» **WHAT THE TASK ASKS**
Down to the last line, write out the entries below exactly and omit all pictures.

★ ★ ★ ★

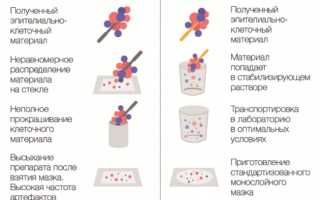 Анализ на цитологию в гинекологии. Что это значит, какие заболевания показывает. Чем отличается от мазка на онкомаркер, сколько делается. Расшифровка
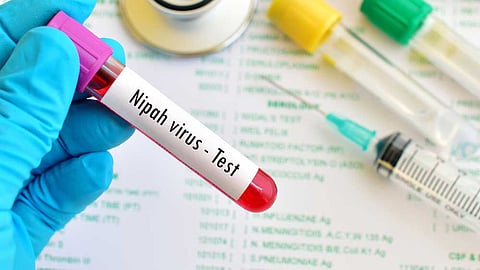 nipah virus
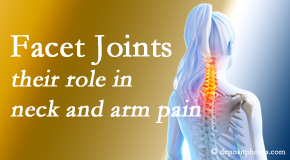 Aaron Chiropractic Clinic carefully examines, diagnoses, and treats cervical spine facet joints for neck pain relief when they are involved.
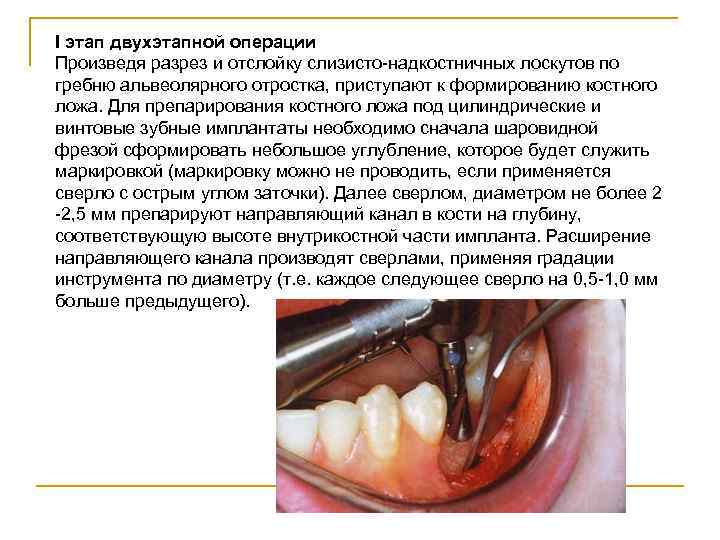 I этап двухэтапной операции Произведя разрез и отслойку слизисто-надкостничных лоскутов по гребню альвеолярного отростка,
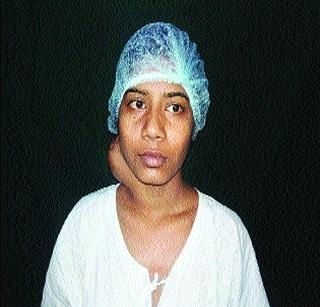 Half a kilo of the neck is removed | मानेवरील अर्ध्या किलोची गाठ काढली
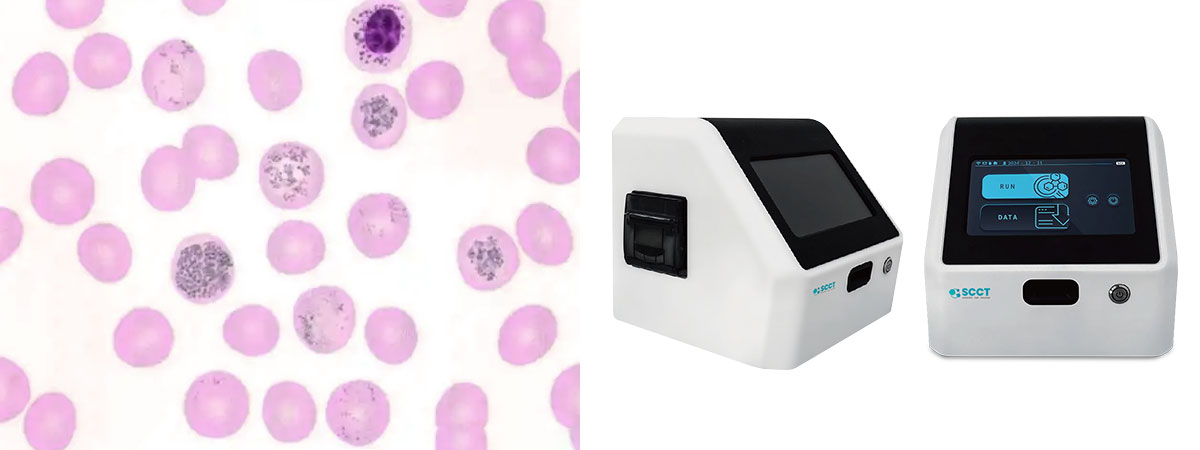Cell Count Assay Machine Leveraging Historical Data for Smarter Somatic Cell Count Risk ...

★ ★ ★ ★

» **RESPONSE TO THIS TASK**
 Анализ на цитологию в гинекологии. Что это значит, какие заболевания показывает. Чем отличается от мазка на онкомаркер, сколько делается. Расшифровка
 nipah virus
 Aaron Chiropractic Clinic carefully examines, diagnoses, and treats cervical spine facet joints for neck pain relief when they are involved.
 I этап двухэтапной операции Произведя разрез и отслойку слизисто-надкостничных лоскутов по гребню альвеолярного отростка,
 Half a kilo of the neck is removed | मानेवरील अर्ध्या किलोची गाठ काढली
Cell Count Assay Machine Leveraging Historical Data for Smarter Somatic Cell Count Risk ...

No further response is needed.